Kini, kami mengenalnya dalam versi yang lebih nyata: seorang pejalan sunyi yang membesarkan silaturahim sebagai jalan hidup.
Doa dan tekad pun kami ikrarkan bersama: semoga kami bisa meneladani beliau. Menjadi pribadi yang ringan tangan, mudah membantu, dan senantiasa hadir dalam kebaikan—sekecil apa pun bentuknya.
Akhirnya...
Kebaikan bukan untuk dikenang, tapi untuk ditiru.
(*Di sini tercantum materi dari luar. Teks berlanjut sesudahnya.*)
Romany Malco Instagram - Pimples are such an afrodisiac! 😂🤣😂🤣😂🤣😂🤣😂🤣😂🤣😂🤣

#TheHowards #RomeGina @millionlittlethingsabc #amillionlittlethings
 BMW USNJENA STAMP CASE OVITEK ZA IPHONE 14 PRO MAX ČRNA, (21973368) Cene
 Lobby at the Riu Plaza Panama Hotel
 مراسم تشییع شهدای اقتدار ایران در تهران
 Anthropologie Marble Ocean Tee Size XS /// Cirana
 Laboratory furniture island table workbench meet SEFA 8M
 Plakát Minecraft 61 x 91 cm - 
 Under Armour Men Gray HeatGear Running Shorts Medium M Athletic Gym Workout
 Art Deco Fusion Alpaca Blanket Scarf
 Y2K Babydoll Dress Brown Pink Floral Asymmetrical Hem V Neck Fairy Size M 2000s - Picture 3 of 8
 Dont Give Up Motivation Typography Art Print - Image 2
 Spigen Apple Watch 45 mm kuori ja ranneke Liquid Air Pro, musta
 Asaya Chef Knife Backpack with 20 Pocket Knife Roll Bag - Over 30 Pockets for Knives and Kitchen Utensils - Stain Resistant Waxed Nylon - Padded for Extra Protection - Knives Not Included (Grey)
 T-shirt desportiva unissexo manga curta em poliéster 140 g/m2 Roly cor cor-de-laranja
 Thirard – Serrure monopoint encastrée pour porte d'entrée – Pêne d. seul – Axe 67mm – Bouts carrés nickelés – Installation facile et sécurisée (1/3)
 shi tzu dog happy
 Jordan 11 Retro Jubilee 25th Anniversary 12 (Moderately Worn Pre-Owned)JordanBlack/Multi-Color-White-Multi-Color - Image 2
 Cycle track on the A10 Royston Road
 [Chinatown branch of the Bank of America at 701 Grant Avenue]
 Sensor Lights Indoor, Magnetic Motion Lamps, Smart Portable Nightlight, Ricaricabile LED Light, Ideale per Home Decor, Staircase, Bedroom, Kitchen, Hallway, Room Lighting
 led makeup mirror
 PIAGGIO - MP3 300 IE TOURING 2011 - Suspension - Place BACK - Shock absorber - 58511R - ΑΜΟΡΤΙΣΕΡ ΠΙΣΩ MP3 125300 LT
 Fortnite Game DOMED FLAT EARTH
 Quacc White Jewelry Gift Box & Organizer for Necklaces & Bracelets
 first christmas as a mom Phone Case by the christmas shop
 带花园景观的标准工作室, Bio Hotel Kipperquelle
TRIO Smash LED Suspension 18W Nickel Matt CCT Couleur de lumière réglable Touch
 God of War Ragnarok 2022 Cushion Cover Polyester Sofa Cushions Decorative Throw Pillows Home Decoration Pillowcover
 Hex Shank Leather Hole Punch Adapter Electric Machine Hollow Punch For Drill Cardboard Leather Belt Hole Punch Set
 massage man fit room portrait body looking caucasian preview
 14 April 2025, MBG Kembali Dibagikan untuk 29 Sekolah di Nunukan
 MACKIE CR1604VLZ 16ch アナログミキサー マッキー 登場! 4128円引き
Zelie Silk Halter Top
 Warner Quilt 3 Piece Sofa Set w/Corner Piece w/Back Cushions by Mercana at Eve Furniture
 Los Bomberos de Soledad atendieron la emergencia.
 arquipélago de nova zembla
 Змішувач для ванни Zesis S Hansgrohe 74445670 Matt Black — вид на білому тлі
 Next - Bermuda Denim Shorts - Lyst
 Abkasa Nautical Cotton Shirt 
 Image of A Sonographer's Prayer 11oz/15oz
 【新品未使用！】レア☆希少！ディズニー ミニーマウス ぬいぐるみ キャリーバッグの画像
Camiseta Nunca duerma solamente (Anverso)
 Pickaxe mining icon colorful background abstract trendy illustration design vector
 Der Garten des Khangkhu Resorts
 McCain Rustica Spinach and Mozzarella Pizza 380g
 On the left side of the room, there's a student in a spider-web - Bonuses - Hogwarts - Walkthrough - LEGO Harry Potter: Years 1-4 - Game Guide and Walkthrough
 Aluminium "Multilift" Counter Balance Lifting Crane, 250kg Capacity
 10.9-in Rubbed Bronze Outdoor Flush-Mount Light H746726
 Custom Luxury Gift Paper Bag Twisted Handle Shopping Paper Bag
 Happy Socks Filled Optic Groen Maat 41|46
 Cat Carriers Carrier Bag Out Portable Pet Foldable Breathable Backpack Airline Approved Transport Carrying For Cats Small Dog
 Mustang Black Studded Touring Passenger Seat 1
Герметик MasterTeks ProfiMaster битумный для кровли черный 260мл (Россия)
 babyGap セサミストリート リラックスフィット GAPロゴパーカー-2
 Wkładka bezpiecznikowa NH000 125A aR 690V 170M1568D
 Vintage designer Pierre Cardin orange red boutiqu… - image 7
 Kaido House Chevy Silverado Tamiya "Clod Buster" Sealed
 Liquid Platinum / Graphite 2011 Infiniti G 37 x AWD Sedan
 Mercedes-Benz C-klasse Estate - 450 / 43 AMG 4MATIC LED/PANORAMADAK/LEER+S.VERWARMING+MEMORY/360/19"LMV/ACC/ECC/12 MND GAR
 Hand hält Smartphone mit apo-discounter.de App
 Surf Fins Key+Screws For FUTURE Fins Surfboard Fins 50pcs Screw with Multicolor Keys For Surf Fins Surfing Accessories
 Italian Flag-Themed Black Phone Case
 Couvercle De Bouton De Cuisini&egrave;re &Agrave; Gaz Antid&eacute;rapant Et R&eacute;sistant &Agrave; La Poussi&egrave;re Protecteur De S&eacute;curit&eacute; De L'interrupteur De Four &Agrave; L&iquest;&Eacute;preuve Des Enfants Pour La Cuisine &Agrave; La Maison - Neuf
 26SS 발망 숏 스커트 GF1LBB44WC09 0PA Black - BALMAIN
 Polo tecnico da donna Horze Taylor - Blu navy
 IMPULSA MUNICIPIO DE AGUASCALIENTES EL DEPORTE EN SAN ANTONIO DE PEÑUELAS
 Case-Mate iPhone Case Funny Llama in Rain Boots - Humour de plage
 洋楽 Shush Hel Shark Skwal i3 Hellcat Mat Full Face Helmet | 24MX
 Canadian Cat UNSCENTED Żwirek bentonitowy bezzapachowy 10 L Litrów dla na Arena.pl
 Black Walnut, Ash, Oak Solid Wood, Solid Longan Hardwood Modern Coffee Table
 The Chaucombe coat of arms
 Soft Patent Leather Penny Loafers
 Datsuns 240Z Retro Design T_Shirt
Apa yang dilakukan oleh Gurunda Aqua Dwipayana bukan hanya meninggalkan jejak di ingatan, tapi menyalakan lilin semangat dalam dada kami semua.
Kami pulang ke Bandung dengan ransel penuh rasa syukur, dan misi baru dalam dada: meneruskan jejak silaturahim—dengan lisan yang lembut, hati yang tulus, dan tangan yang ringan berbagi.
Kami memang hanya ingin istirahat sejenak.
Namun Allah memberi lebih dari itu—beliau mengirimkan seorang motivator dengan ketulusan nyata.
Dalam dunia yang sering terlalu sibuk untuk peduli, kami menemukan seorang sosok yang tak pernah lelah berbagi.
Dr Aqua tidak hanya berbicara tentang kebaikan. Beliau menjadi kebaikan itu sendiri.
Lewat tangan dan hati beliau, kami belajar arti silaturahim yang sesungguhnya:
Memberi sebelum diminta, hadir sebelum dipanggil, dan menyapa tanpa pilih-pilih.
Kami pulang dengan tubuh lebih ringan, hati lebih lapang, dan jiwa lebih terang.
Dan hari ini, kami bersaksi:
The Power of Silaturahim bukan hanya konsep—ia nyata, hidup, dan bisa diwariskan oleh siapa saja yang mau meneladani.
Terima kasih, Gurunda. Â Engkau tidak sekadar menulis The Power of Silaturahim, engkau menjalaninya. Dan kami bersaksi, itulah yang mengubah hati kami.
Kami tak akan pernah melupakan jejak kebaikan ini.